With the exception of the pictures, transcribe the entire listing exactly.

Provided data section start

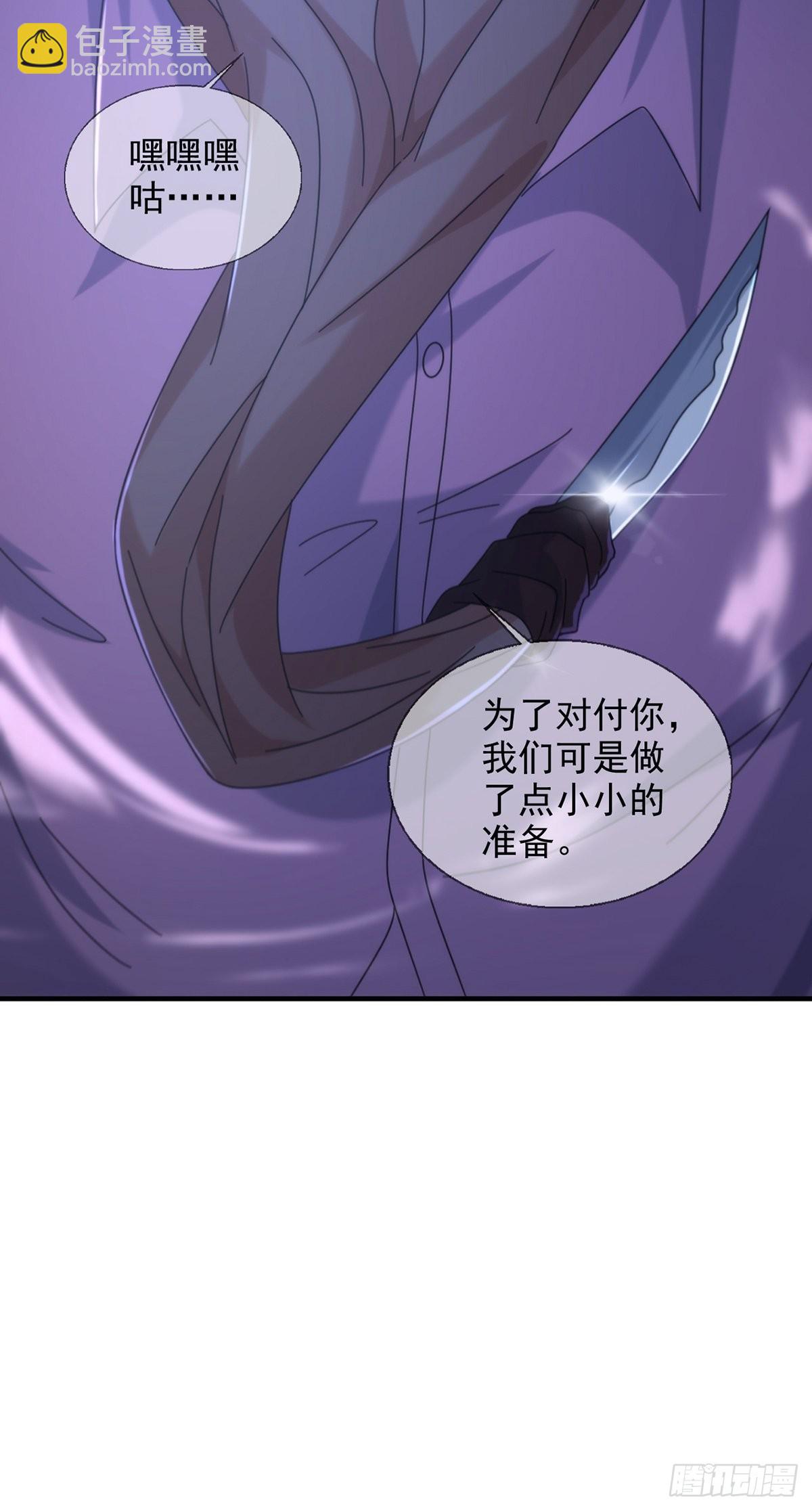114 急冻射线27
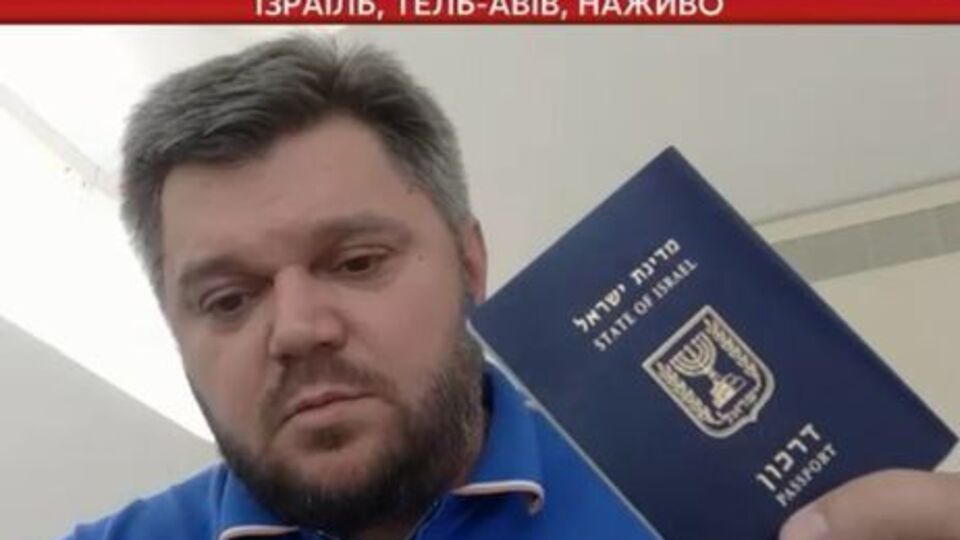 Генпрокуратура просит Израиль выдать Ставицкого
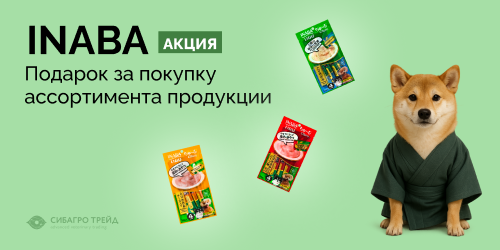Подарок за покупку лакомств INABA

Provided data section end

**Solution to the problem:**
114 急冻射线27
 Генпрокуратура просит Израиль выдать Ставицкого
Подарок за покупку лакомств INABA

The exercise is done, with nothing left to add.